◆ **Raw data**
>>>

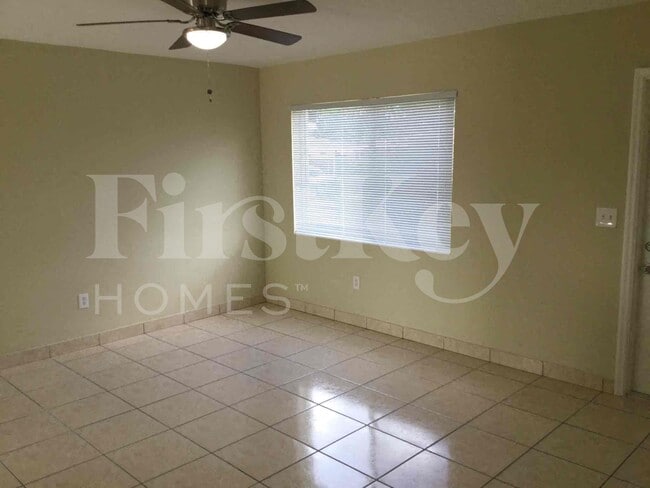 Building Photo - 18000 NW 6th Ct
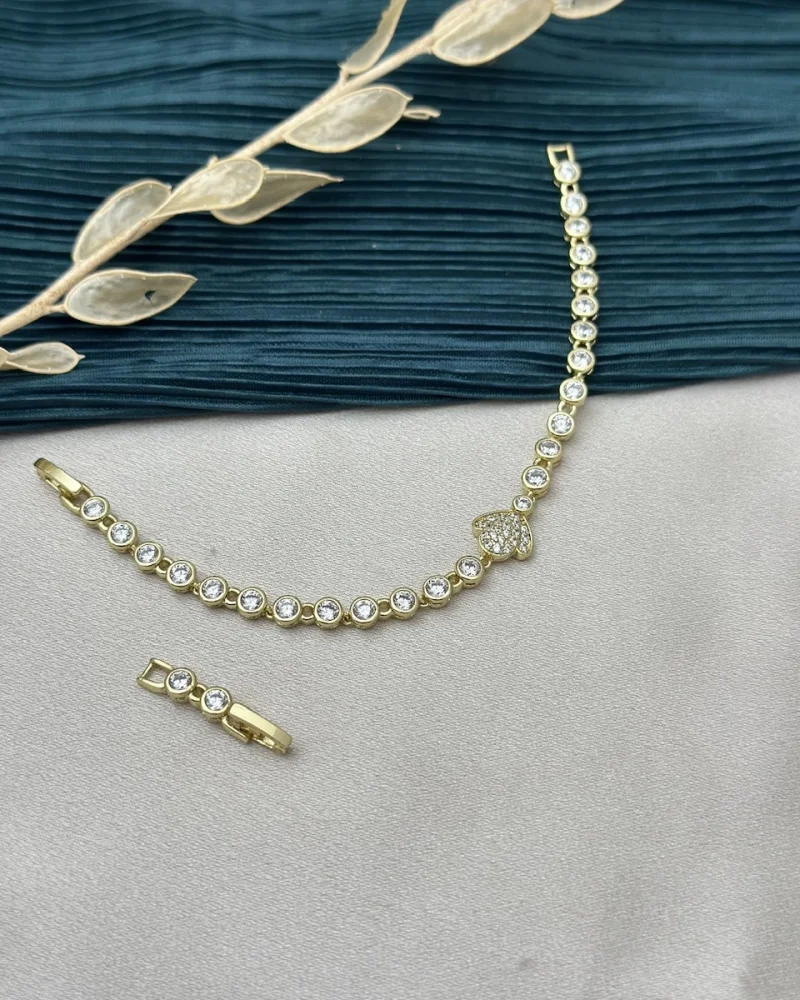 14K Gold Taşlı Çiçek Detay Vip Suyolu (17+2 cm)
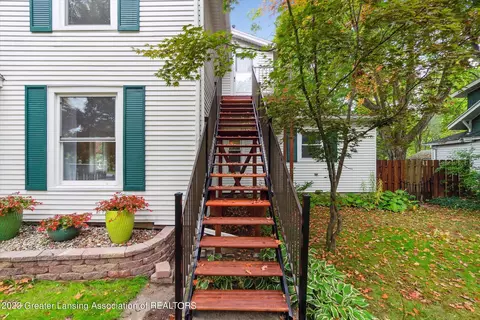 426 Jackson St, Grand Ledge, MI 48837 photo 9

<<<

◆ **The task**
Before you finish, make sure every line above has been repeated exactly and no picture remains in the copy.

◆ **Reply**
 Building Photo - 18000 NW 6th Ct
 14K Gold Taşlı Çiçek Detay Vip Suyolu (17+2 cm)
 426 Jackson St, Grand Ledge, MI 48837 photo 9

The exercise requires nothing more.